Owl prowls this weekend
Niagara Nature Tours is offering another owl prowl, an opportunity to see owls such as this grey screech, this Saturday and Sunday, Feb. 20 and 21. Photo by Wayne Allen
Niagara Nature Tour’s fourth annual day-time owl prowl will be held this weekend.
“We have worked very hard to find the locations of wild owls for us to see, and are hoping to see three to four native species this year,” says Carla Carlson, owner of the tour company. The owls are found from Niagara West through to Fort Erie.
For the very first Owl Prowl in 1998, 21 people signed up, said Carlson.
“We saw four species and seven owls in total, which is fabulous because of how secretive they are. Since we were able to start conducting (the owl prowls) again in 2013, at least 327 people have seen five to six species and on one memorable day, 13 individual owls.

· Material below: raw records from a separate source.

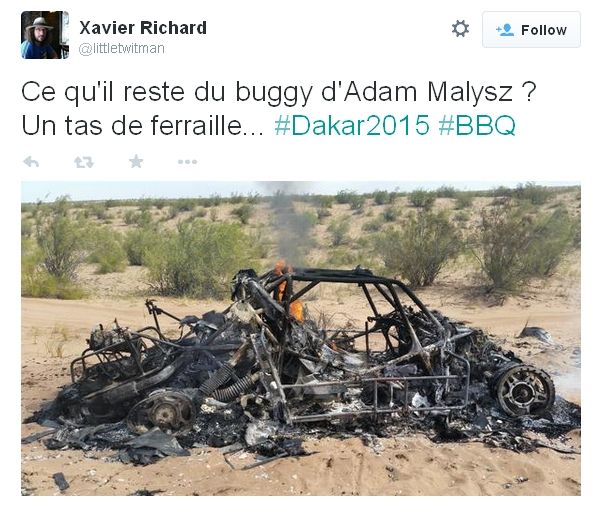 Ohořelá bugina Adama Malysze na Rallye Dakar 2015. | Foto: Xavier Richard via Twitter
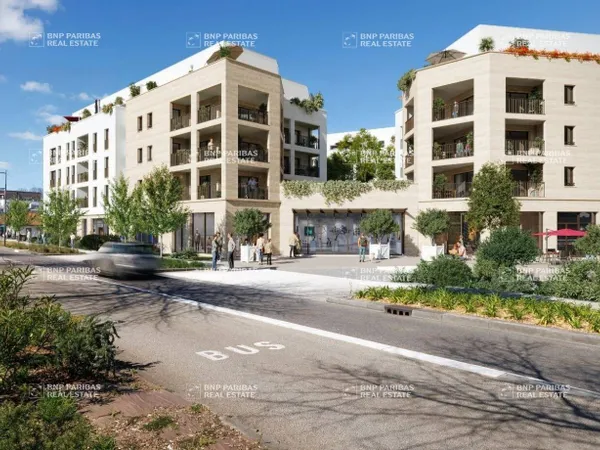 Local commercial 4 pièces 260 m²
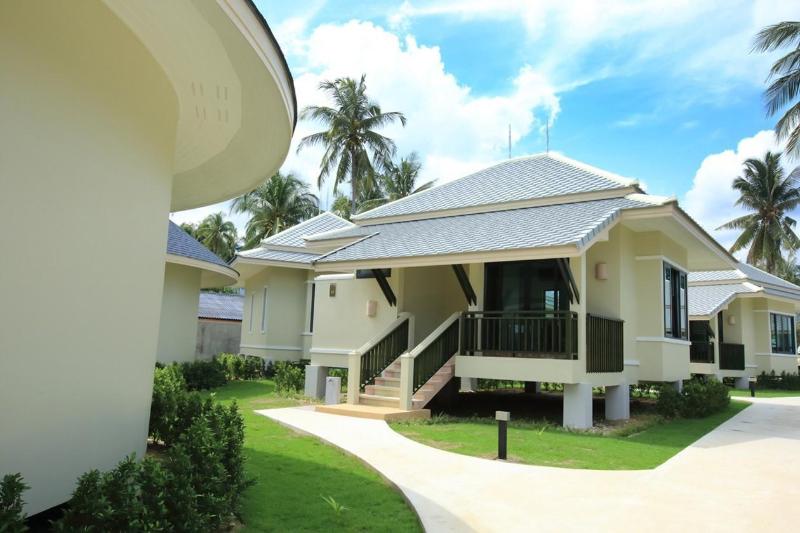 Wis Beach Khanom - Genel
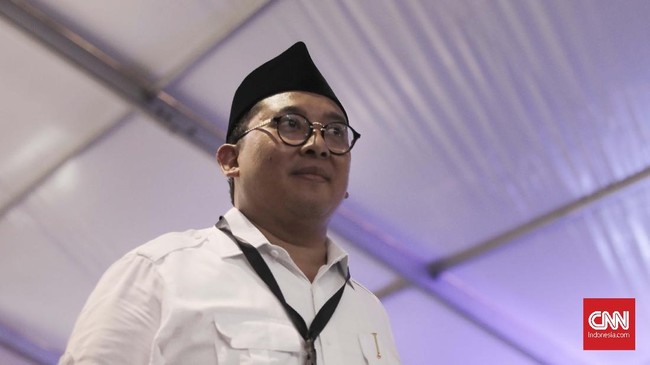 Fadli Zon minta aparat netral jika ingin tensi politik di Pilpres 2019 membaik. Sebab Jokowi dan Prabowo sudah menunjukkan sikap damai dengan saling berpelukan.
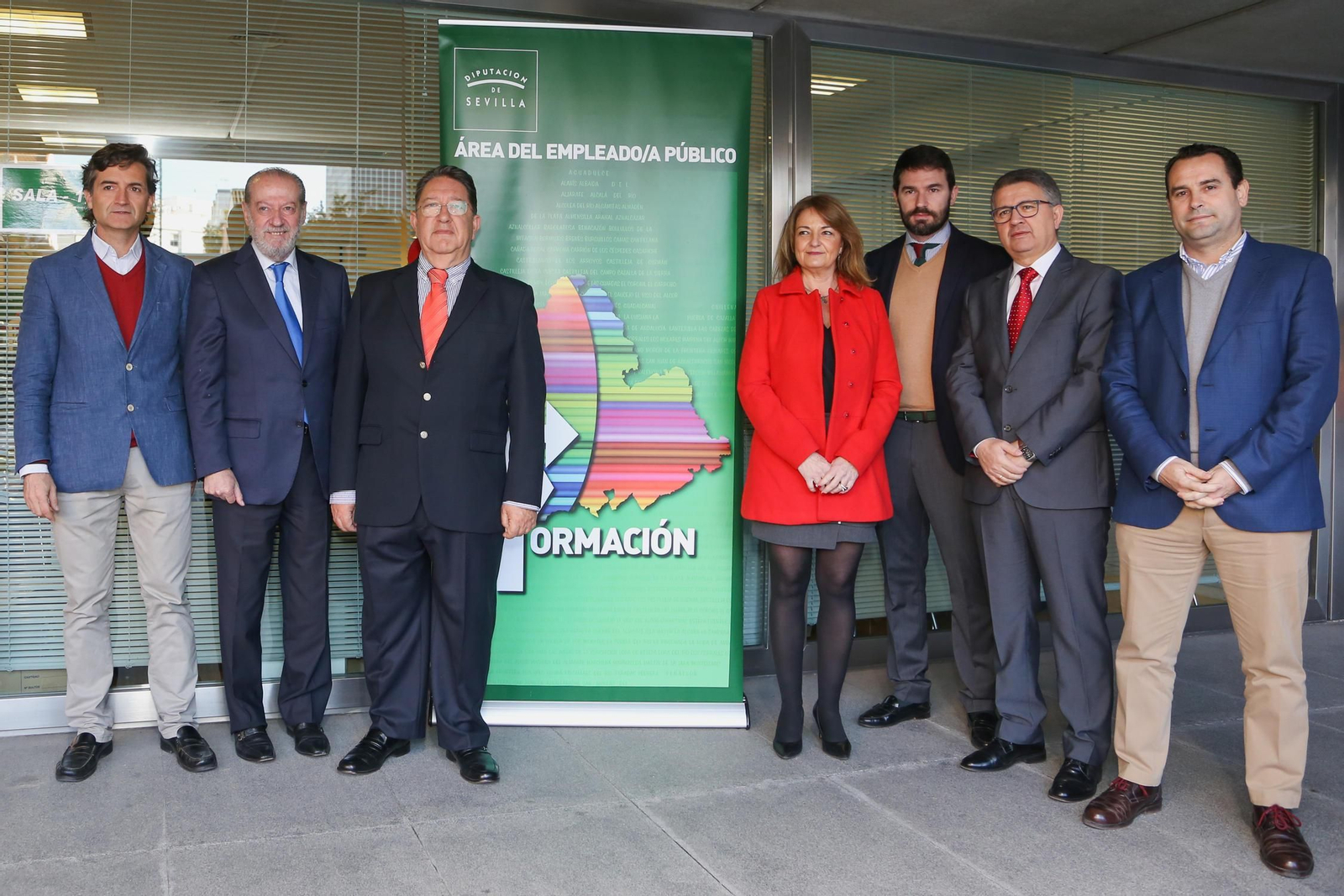 Fernando Rodríguez Villalobos, segundo por la izquierda, con los protagonistas de la jornada.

In the past we have seen eastern screech, northern saw-whet, snowy, long-eared, short-eared and a great horned owl on her nest.”
Carlson says several NOTL residents have reported hearing great horned owls singing at this time of year. The owls are very territorial, she says, and almost any woodlot or forested area should have a pair of great horned owls, the mother sitting on her nest. They are most likely to be heard at dusk, and provide an opportunity for residents to find their nest - but should be very careful not to disturb the mother or she could abandon her eggs.
Scouts are on the look-out for owls in NOTL and other areas, and although she isn’t promising anything, she hopes to have found a pair of great-horned owls to include in the prowl this weekend.
A lot of work goes into organizing an owl prowl and many hours over months are put in ahead of time scouting for the owls, says Carlson, so that on the day of the prowl, there is a good chance at actual sightings.
“And this time of year is a good time to see the owls. The leaves are off the trees, the birds are out flying and hunting and some are sitting in nest boxes. If we are lucky we’ll see a great horned owl sitting on her nest. It’s the right time of the year as believe it or not they’ve already bred and laid their eggs.”
Riding in a motor coach with a washroom and comfortable seats, says Carlson, the group will be escorted by Marcie Jacklin from Fort Erie, an internationally recognized local birder explaining about Niagara’s owls. Entertaining participants with owl songs, facts, and quizzes, there are draws and owl related prizes that Carlson has collected throughout the year. There will also be a draw for four people to go to Vineland’s Owl Foundation during their annual donor tours in the autumn.
There will be a break for lunch at the Smokin’ Buddha or Canalside Restaurants in Port Colborne.
“We are giving people a choice of which restaurant to go to as the Smokin’ Buddha is famous for its spicy, exotic food.”
Fun for both young and old alike, there is limited walking so it is a very accessible outing. Seniors with walkers have attended in the past, and anyone with a wheelchair accessible vehicle is welcome to follow the bus, and join the tour at each stop, she says.
The field trip runs from 10 a.m. to 5 p.m.
Registration for the Feb. 20 and 21 owl prowls has started and space is limited, says Carlson.